Monday 1 July 2013

Introduction to the TFA Value Ratings

As many of you reading this will be aware, one of my big tasks this Summer was to incorporate the TFA value ratings into my results sheets and consequently, to start releasing the TFA value ratings with my bets each week.  Before I start discussing the results of this project, I think I should make it clear how much work, time and effort has gone into this. To say it hasn’t been easy is a small understatement!

Basically, my value ratings are only one of 16 ratings I generate for each game. Ultimately, in terms of importance, the value ratings would be the 3rd or 4th most important rating factor I generate as I have better indicators within my ratings which aren’t actually linked to the price of the selection.  The value rating is generated as a combination of some of the other rating factors I’m using but on its own, I’ve never really thought the value rating was too powerful.

My issue with doing this project has been a simple one. My base ratings sheets I use each week to generate the ratings before transferring the data to the next set of sheets to generate the systems contain the value ratings. However, when I generate the system bets, the value ratings (and all the other ratings) just drop out of the process and the only thing that remains are the odds as I obviously need the odds to work out whether or not the bet appears on a particular system as many of the systems have odds restrictions.

Going back and trying to tie up my system results with the value ratings doesn’t sound like it should be a hard task but unfortunately, given the fact that teams name change between datasets (due to human input in places), dates of games change sometimes and the fact that lookups in Excel have plenty of limitations when it comes to big datasets, it’s not been easy to get the data to tie up.

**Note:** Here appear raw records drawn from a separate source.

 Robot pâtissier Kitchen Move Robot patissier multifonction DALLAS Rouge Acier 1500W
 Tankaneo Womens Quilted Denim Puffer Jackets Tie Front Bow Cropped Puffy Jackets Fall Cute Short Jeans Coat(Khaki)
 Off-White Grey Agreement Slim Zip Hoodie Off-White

Stupid stuff like me using the first 4 characters of a team’s name in a lot of my data but when it comes to attaching value ratings, I was finding lots of crazy numbers thrown up and it was linked to the fact that when Dundee played Dundee United last season for example, my lookup was recognising Utd as the value bet and given I was backing them at 7/1 and they were odds on, it was saying they were massive value! Obviously, Dundee were the bet.

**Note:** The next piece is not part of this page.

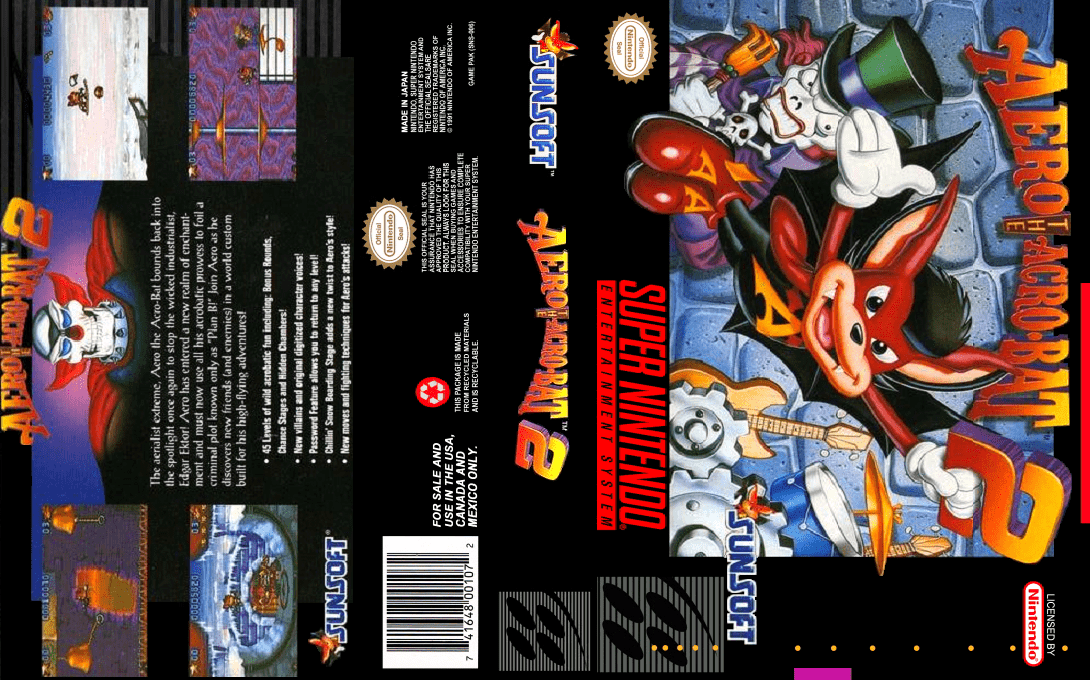 Aero the Acro-Bat 2 [US] snes 1994 Box Art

I’ve tried my best to cleanse the data the best I can but I’ll be honest and say I wouldn’t be surprised if there were a few gremlins within the data. When you are dealing with 7 seasons worth of data and human input into all of the live results, it’s easy to see how things can go awry at times!

In terms of data, I have decided to only use the last 3 years worth of data.  I could have went back further but this would be using 100% backtested/backfitted data and therefore, I was determined to try to stick to live results where possible. Obviously, I have ratings with different periods of live results but anyone following the service will be aware of how long each system has been alive.

In terms of systems, the value ratings are available for systems 6,7,8,21,22,31,32,33,41 and 42. Obviously, 6,7,8 have the same value ratings, 21 and 22 have the same value ratings, 31,32 and 33 have the same value ratings and 41 and 42 have the same value ratings. 4 sets of value ratings, one set for each algorithm.

As soon as the service closes this Summer (will be 8th July), I will release this additional dataset to members so they can do their own analysis. I have also spent a lot of time over the last 2 weeks building the new TFA bet sheet for the upcoming season and incorporating in the value ratings and the changes I promised last season, so hopefully subscribers will be impressed with the new sheet and the increased user friendly nature of it. I will also send this out as soon as the service closes.

Rather than analyse each algorithm independently on the blog, I’m just going to look at the overall results of all 4 algorithms combined. Obviously, people tend to follow different systems from each algorithm and therefore, they will need to analyse the results by algorithm if they wish to do so. 

One limitation with this analysis is that there is no right or wrong way to look at the value ratings. There are unique ratings for every game here and therefore, I need to group them in some way to get some meaningful analysis. I have chosen to look at the ratings in 7 groups.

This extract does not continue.